WHAT THIS TASK INVOLVES — If an entry holds a picture, leave the picture out and copy the rest of the listing exactly.

EXTRACTED DATA —

((

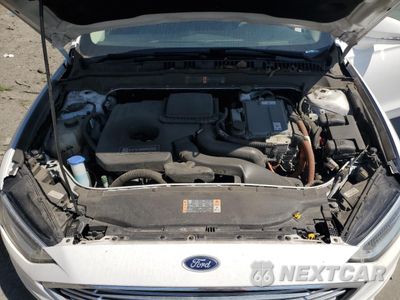 Zdjęcie 11 z 13 samochodu: 2018 FORD FUSION SE HYBRID VIN:3FA6P0LU4JR172141 - miniatura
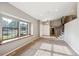 Bright and airy living space featuring a large window, carpet, and a clear view of the entryway and stairs at 6545 S Balsam Ct, Littleton, CO 80123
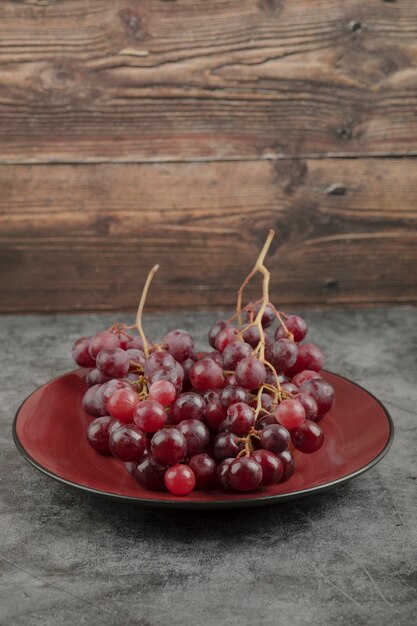 Piatto rosso di uva fresca posto sulla superficie in marmo.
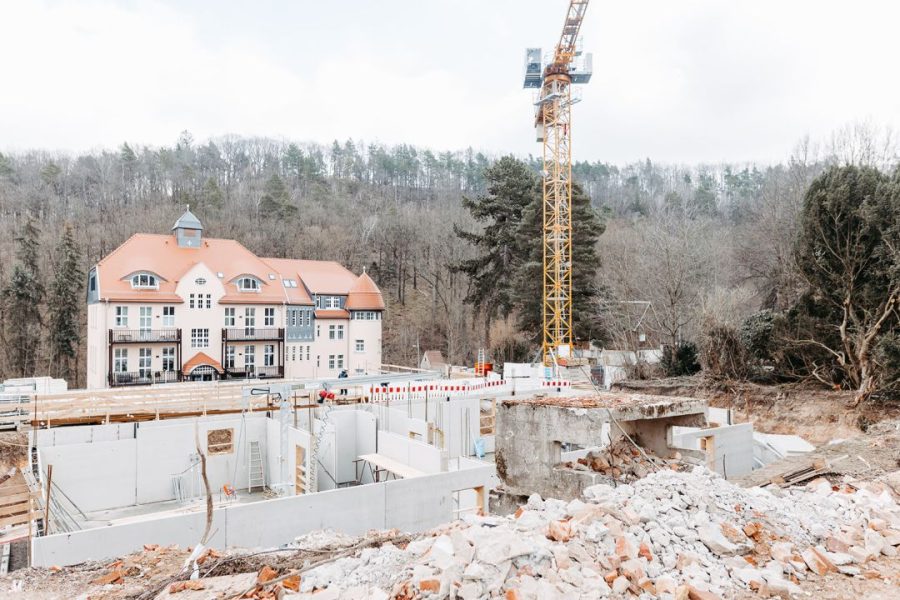 Außenansicht eines restaurierten Gebäudes vor einer weiteren Baustelle.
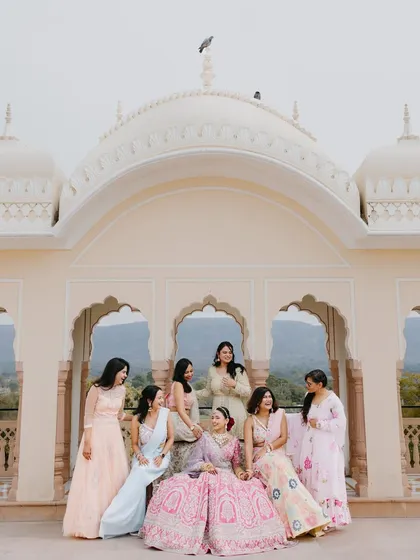 An elegant portrait of the bride seated with her bridesmaids against the backdrop of a beautiful palace dome and arches.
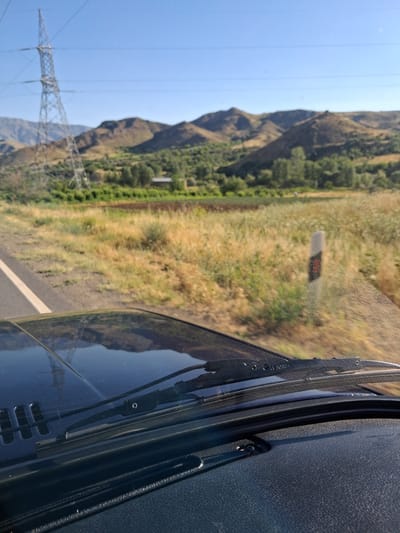The image shows a view from inside a vehicle traveling on a road, with a landscape of rolling hills and vegetation under a clear blue sky. A tall electrical pylon stands prominently on the left side of the frame, with power lines extending across the sky. The road has a white line marking its edge. The foreground is dominated by the vehicle's dashboard and windshield, with the wipers visible. The landscape in the background is characterized by dry, yellowish grass, scattered green trees, and brown, undulating hills. A small building is partially visible amongst the trees in the mid-ground. The overall impression is of a rural, somewhat arid environment. The image is consistent with a view from the road leading to the village of Getap in Armenia.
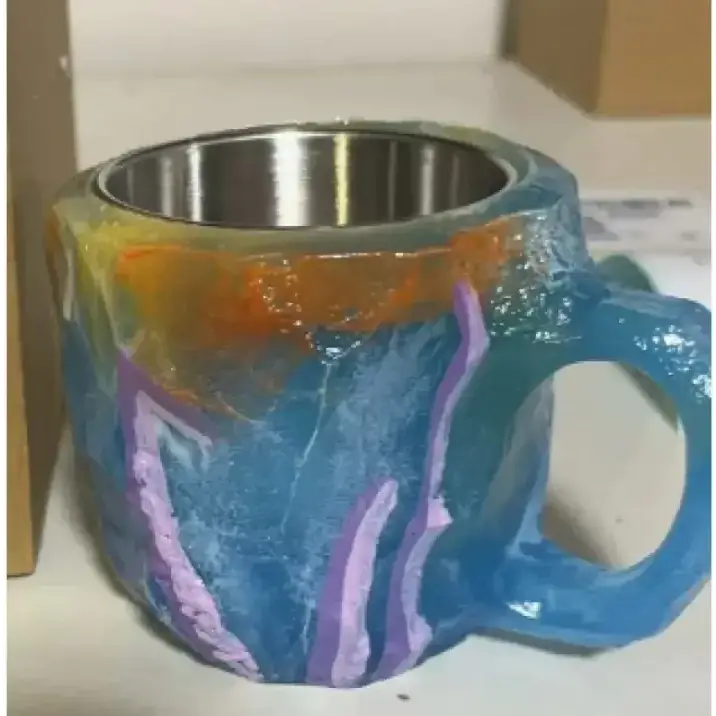 A vibrant, hand-painted ceramic mug with a stainless steel interior and bold blue, purple, orange, and teal swirls.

))

OUTPUT —
 Zdjęcie 11 z 13 samochodu: 2018 FORD FUSION SE HYBRID VIN:3FA6P0LU4JR172141 - miniatura
 Bright and airy living space featuring a large window, carpet, and a clear view of the entryway and stairs at 6545 S Balsam Ct, Littleton, CO 80123
 Piatto rosso di uva fresca posto sulla superficie in marmo.
 Außenansicht eines restaurierten Gebäudes vor einer weiteren Baustelle.
 An elegant portrait of the bride seated with her bridesmaids against the backdrop of a beautiful palace dome and arches.
The image shows a view from inside a vehicle traveling on a road, with a landscape of rolling hills and vegetation under a clear blue sky. A tall electrical pylon stands prominently on the left side of the frame, with power lines extending across the sky. The road has a white line marking its edge. The foreground is dominated by the vehicle's dashboard and windshield, with the wipers visible. The landscape in the background is characterized by dry, yellowish grass, scattered green trees, and brown, undulating hills. A small building is partially visible amongst the trees in the mid-ground. The overall impression is of a rural, somewhat arid environment. The image is consistent with a view from the road leading to the village of Getap in Armenia.
 A vibrant, hand-painted ceramic mug with a stainless steel interior and bold blue, purple, orange, and teal swirls.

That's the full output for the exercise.